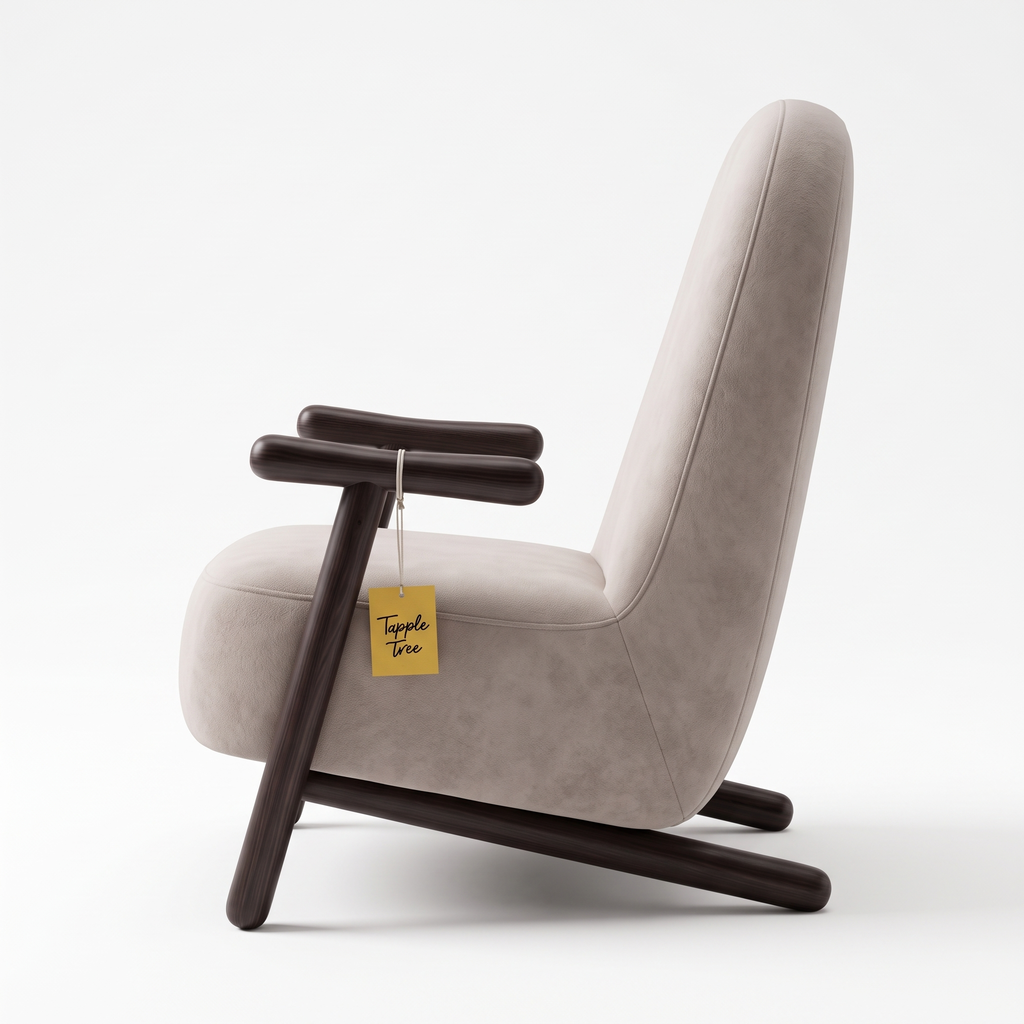 Alden Crest Mango Wood Accent Chair - Dark Walnut — White Side Profile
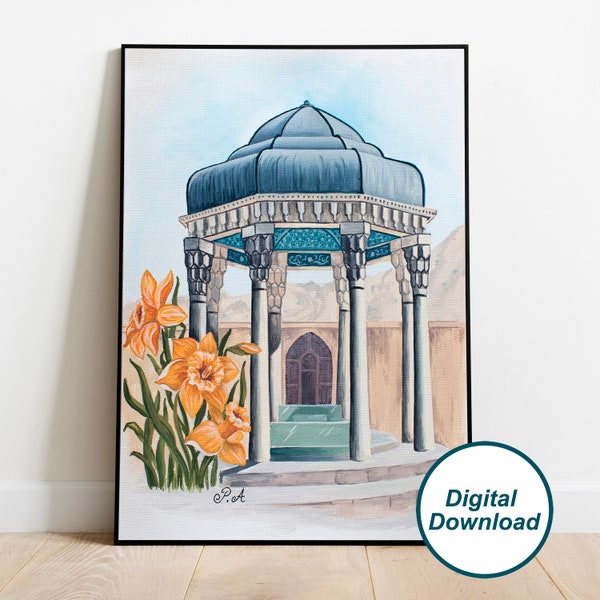 Tomb of Hafez with Daffodils Printable, Persian Architecture Wall Decor, Shiraz Photo, Iranian Wall Art, Iran Poster, Travel Gift, Hafezieh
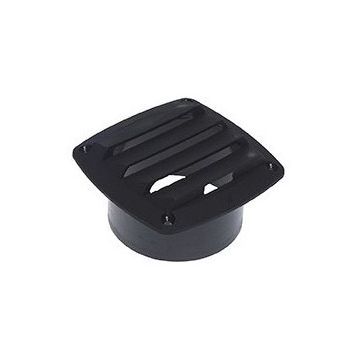 Vent louvred 125 x 125 mm tubed Black plastic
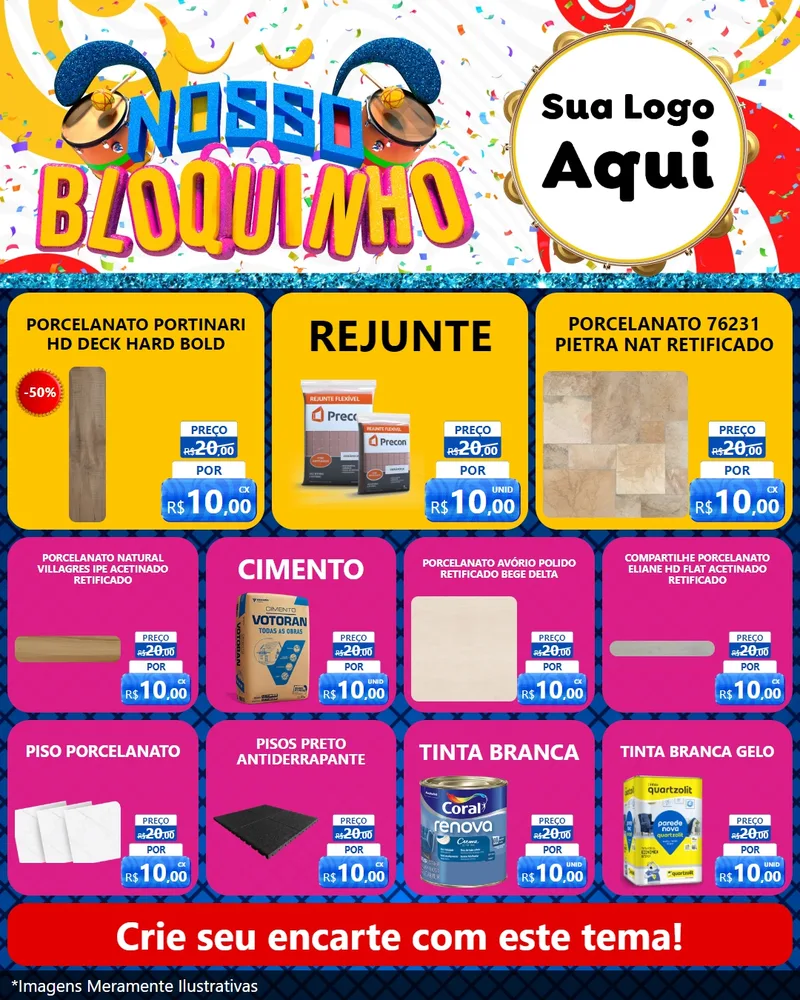 Modelo de Rede Social para Feed Instagram com o tema Nosso Bloquinho para Pisos e revestimentos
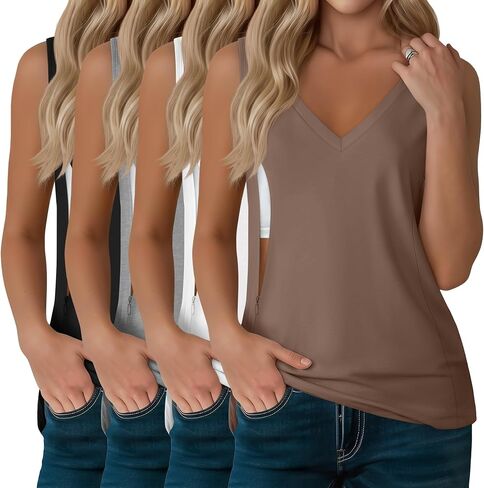 4 Pack Womens Nursing Tank Tops | Breastfeeding, Hidden Zipper, V Neck, Sleeveless, Loose, Maternity, Postpartum, Summer, Sleep, Workdays in Kuwait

- About this task
Repeat, exactly and in full, all records above, but include no pictures.

- Written solution
 Alden Crest Mango Wood Accent Chair - Dark Walnut — White Side Profile
 Tomb of Hafez with Daffodils Printable, Persian Architecture Wall Decor, Shiraz Photo, Iranian Wall Art, Iran Poster, Travel Gift, Hafezieh
 Vent louvred 125 x 125 mm tubed Black plastic
 Modelo de Rede Social para Feed Instagram com o tema Nosso Bloquinho para Pisos e revestimentos
 4 Pack Womens Nursing Tank Tops | Breastfeeding, Hidden Zipper, V Neck, Sleeveless, Loose, Maternity, Postpartum, Summer, Sleep, Workdays in Kuwait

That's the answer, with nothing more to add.